D&D historian Ben Riggs--author of Slaying the Dragon--delved into the facts. Note that the below was posted on Twitter, in that format, not as an article.

D&D Co-Creator Gary Gygax was Sexist. Talking About it is Key to Preserving his Legacy.

The internet has been rending its clothes and gnashing its teeth over the introduction to an instant classic of TTRPG history, The Making of Original D&D 1970-1977. Published by Wizards of the Coast, it details the earliest days of D&D’s creation using amazing primary source materials.

Why then has the response been outrage from various corners of the internet? Well authors Jon Peterson and Jason Tondro mention that early D&D made light of slavery, disparaged women, and gave Hindu deities hit points. They also repeated Wizard’s disclaimer for legacy content which states:"These depictions were wrong then and are wrong today. This content is presented as it was originally created, because to do otherwise would be the same as claiming these prejudices never existed."

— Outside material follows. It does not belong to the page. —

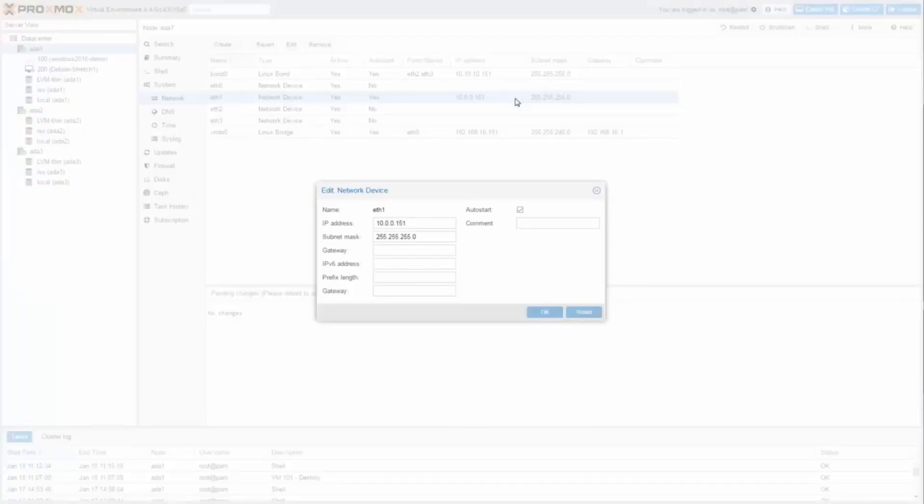The second NIC ETH1 is used for the Proxmox VE cluster communication.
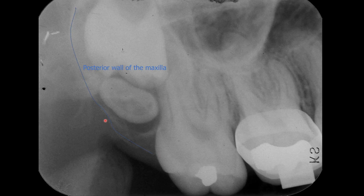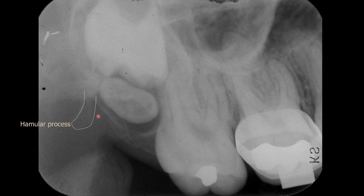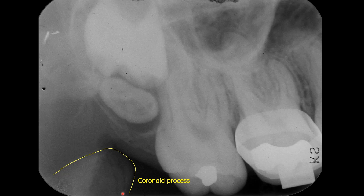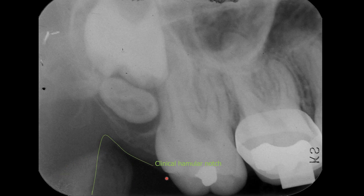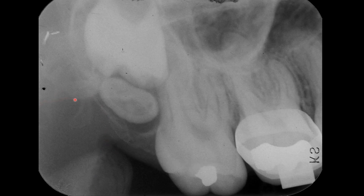You can also call this the posterior wall of the maxillary sinus — both are the same landmark. On the distal aspect, we see a vertical radiopaque entity, and that's the hamular process. Here, we have a triangular radiopacity, and that's the coronoid process of the mandible. You can see a radiolucency here — that's the clinical hamular notch. The anatomical hamular notch is here. Make sure you understand the difference between the clinical hamular notch and the anatomical hamular notch. Further distally, we have this line — that's the inferior border of the zygomatic arch.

In response to this, an army of grognards swarmed social media to bite their shields and bellow. Early D&D author Rob Kuntz described Peterson and Tondro’s work as “slanderous.” On his Castle Oldskull blog, Kent David Kelly called it “disparagement.” These critics are accusing Peterson and Tondro of dishonesty. Lying, not to put too fine a point on it.So, are they lying? Are they making stuff up about Gary Gygax and early D&D?

Well, let's look at a specific example of what Peterson and Tondro describe as “misogyny “ from 1975's Greyhawk. Greyhawk was the first supplement ever produced for D&D. Written by Gary Gygax and Rob Kuntz, the same Rob Kuntz who claimed slander above, it was a crucial text in the history of the game. For example, it debuted the thief character class. It also gave the game new dragons, among them the King of Lawful Dragons and the Queen of Chaotic Dragons. The male dragon is good, and female dragon is evil. (See Appendix 1 below for more.)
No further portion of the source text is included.